[[ ENTRIES PROVIDED open ]]
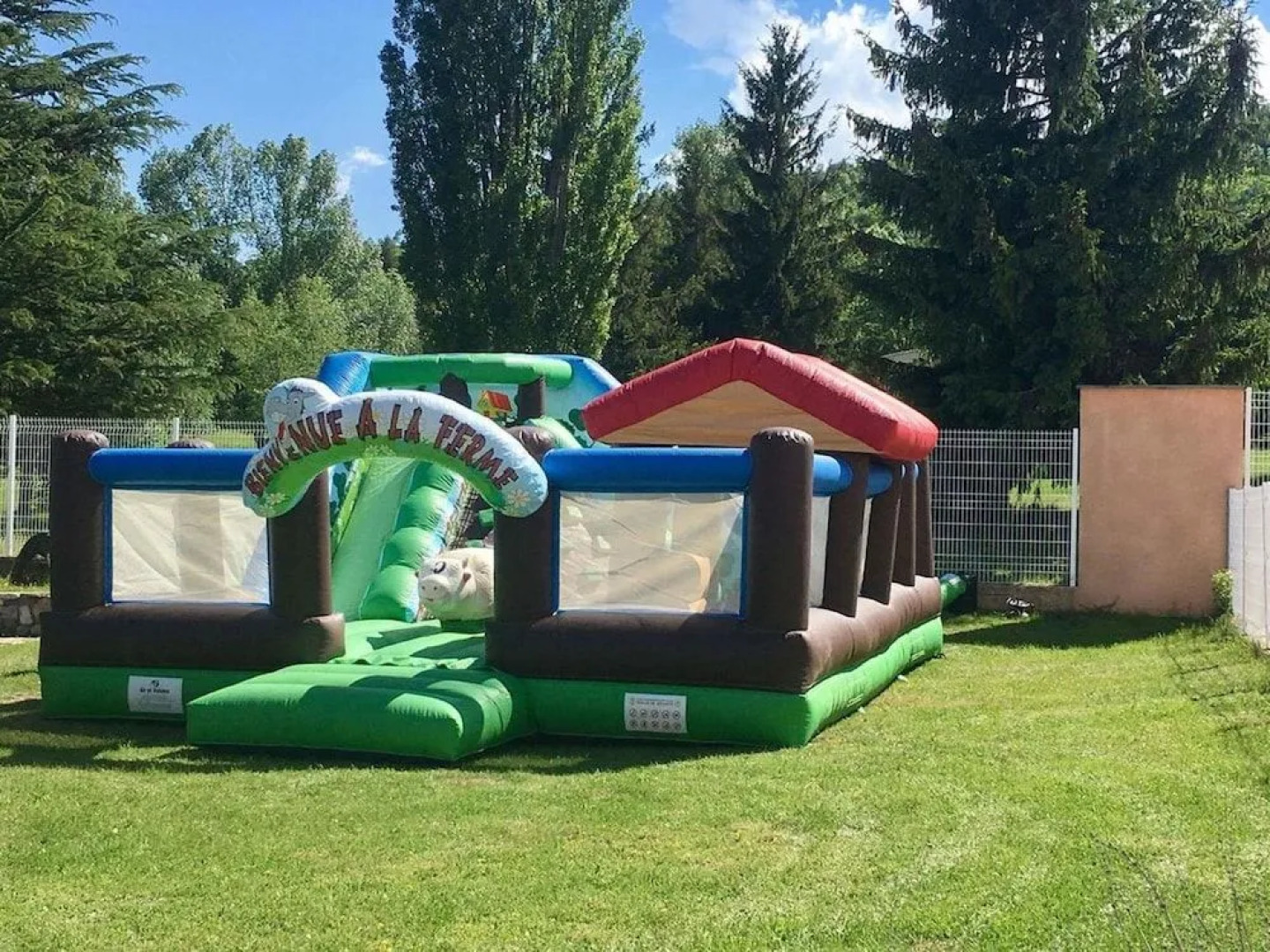 Village Club Yravals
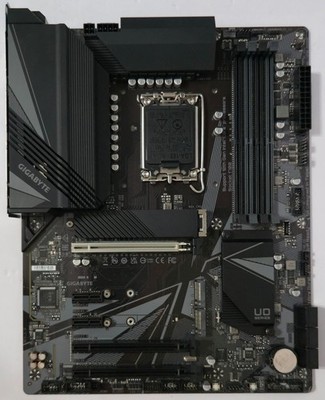 GIGABYTE Z690 UD DDR4 LGA 1700 ATX Intel 12th Gen Z690 ATX Motherboard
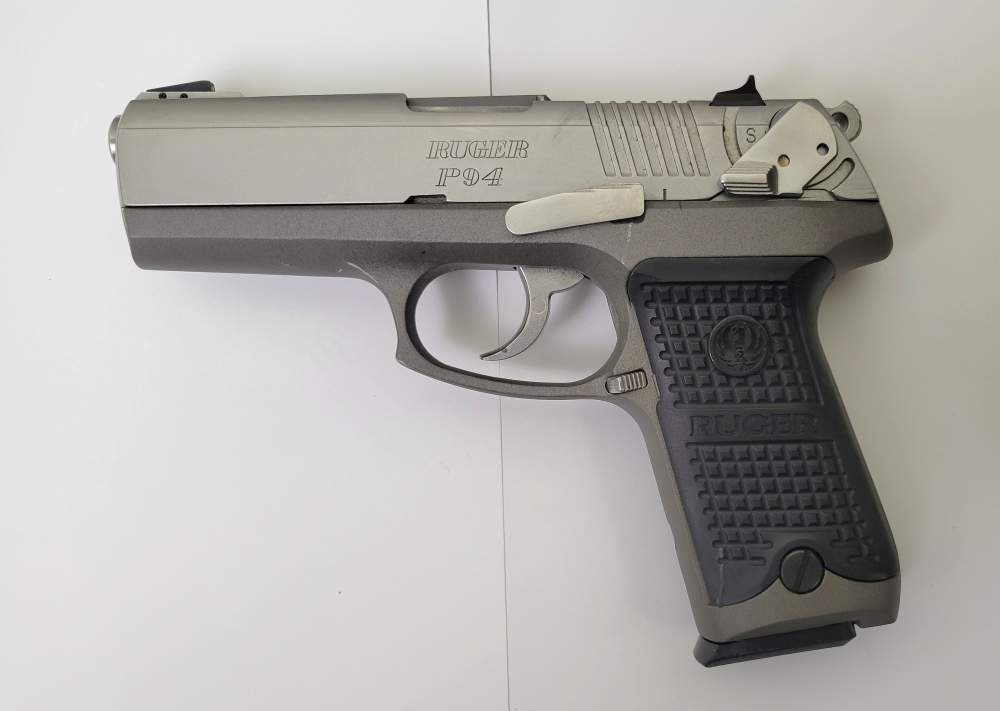 RUGER P94 .40 AUTO-img-1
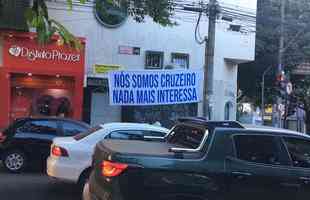 Torcedores do Cruzeiro afixaram faixas em diversos pontos da capital, com mensagens de apoio ao time. A manifestao foi realizada no dia da primeira partida contra o Atltico, pelas quartas de final da Copa do Brasil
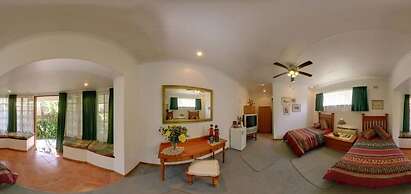 Cosy Den B&B Luxury Guest House Style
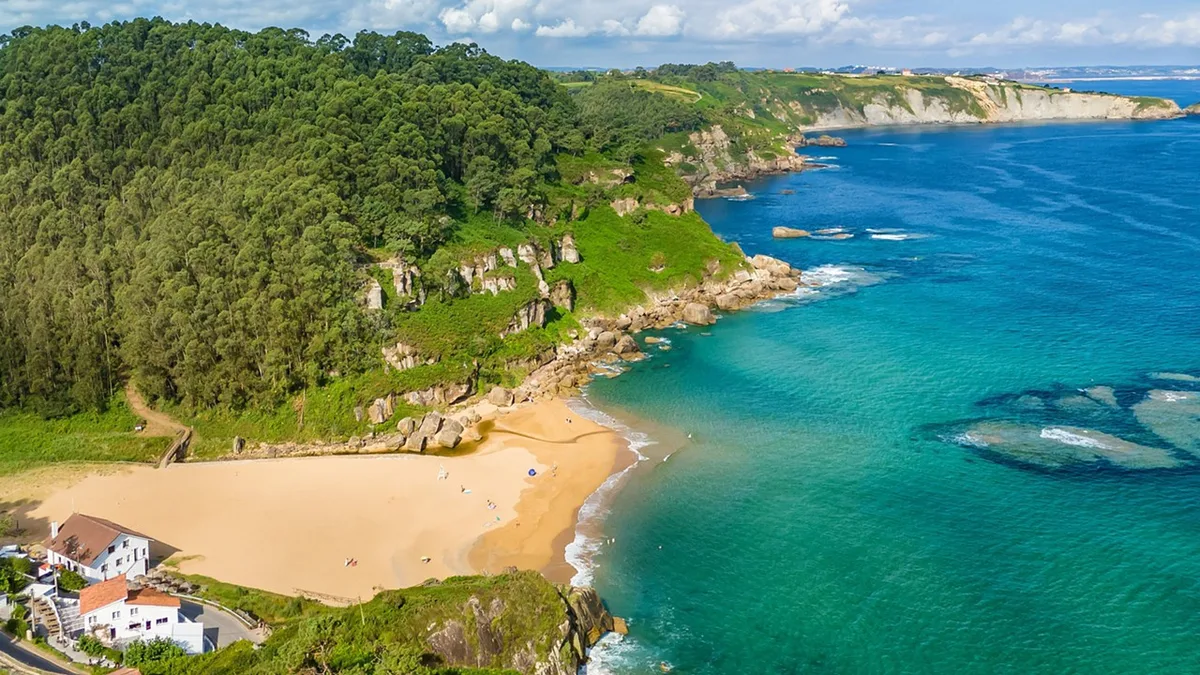 Praia ou montanha? Esta escapadinha pode juntar o melhor dos 2 mundos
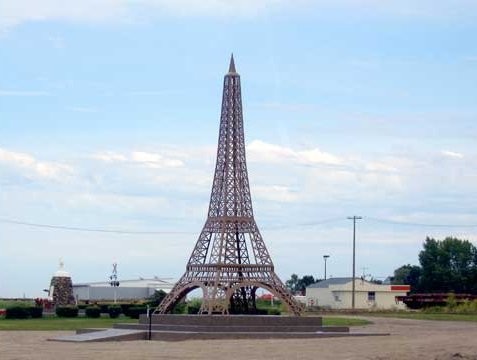 Eiffel Tower Replica - Image http://ensign.ftlcomm.com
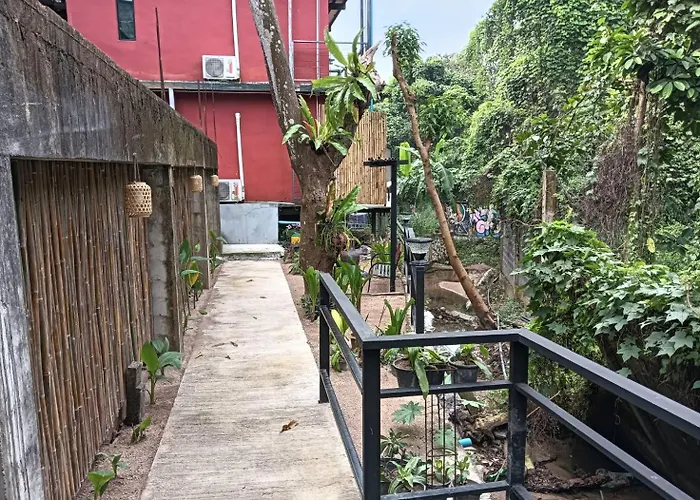White Jail At Koh Tao Hostel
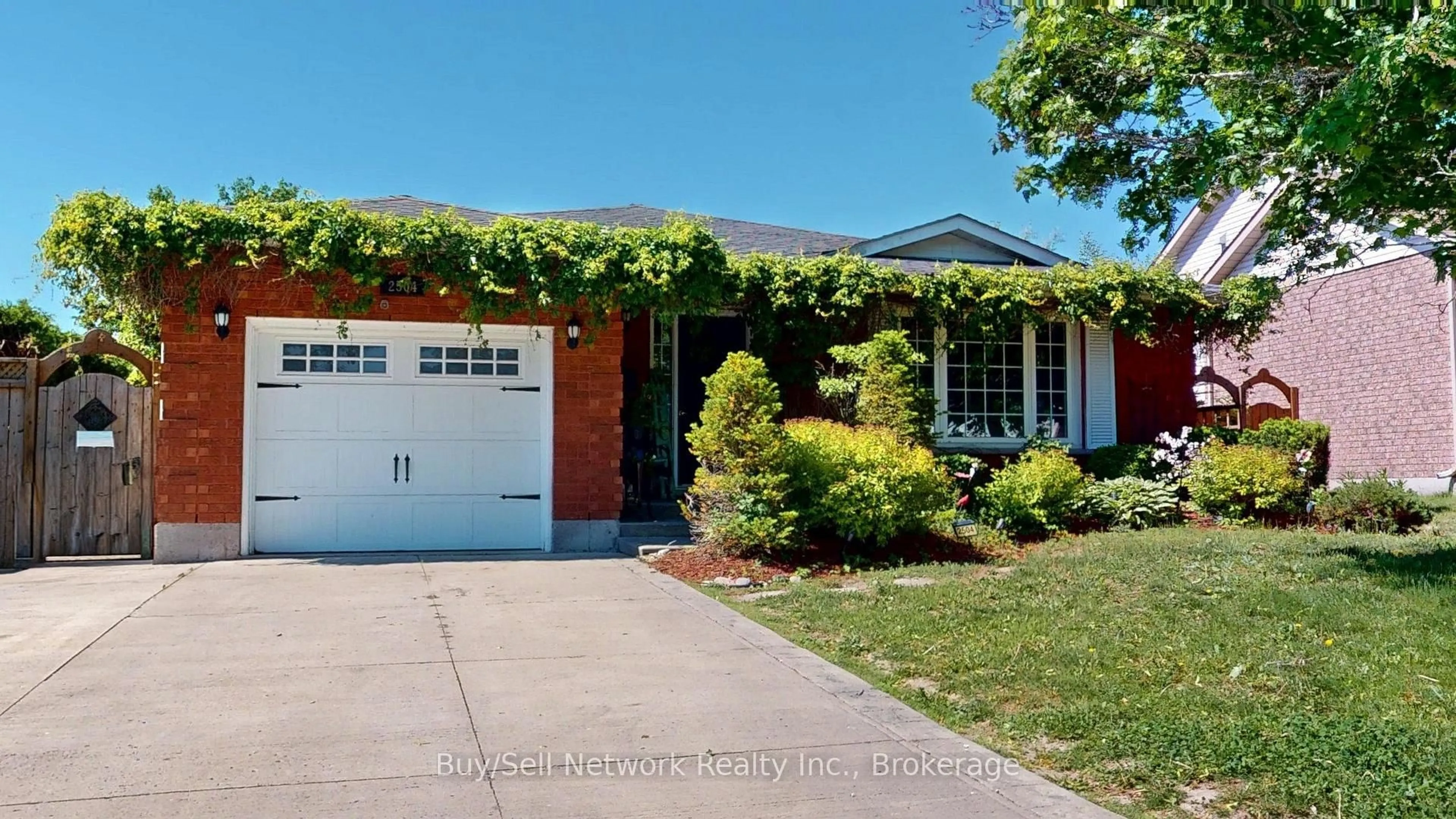 Home with brick exterior material, street for 2504 Idyllwood Cres, Peterborough Ontario K9L 1Y9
[[ ENTRIES PROVIDED closed ]]
» PROBLEM TO WORK ON
Reproduce every record word for word. The copy must contain no pictures.

» EXERCISE SOLUTION
 Village Club Yravals
 GIGABYTE Z690 UD DDR4 LGA 1700 ATX Intel 12th Gen Z690 ATX Motherboard
 RUGER P94 .40 AUTO-img-1
 Torcedores do Cruzeiro afixaram faixas em diversos pontos da capital, com mensagens de apoio ao time. A manifestao foi realizada no dia da primeira partida contra o Atltico, pelas quartas de final da Copa do Brasil
 Cosy Den B&B Luxury Guest House Style
 Praia ou montanha? Esta escapadinha pode juntar o melhor dos 2 mundos
 Eiffel Tower Replica - Image http://ensign.ftlcomm.com
White Jail At Koh Tao Hostel
 Home with brick exterior material, street for 2504 Idyllwood Cres, Peterborough Ontario K9L 1Y9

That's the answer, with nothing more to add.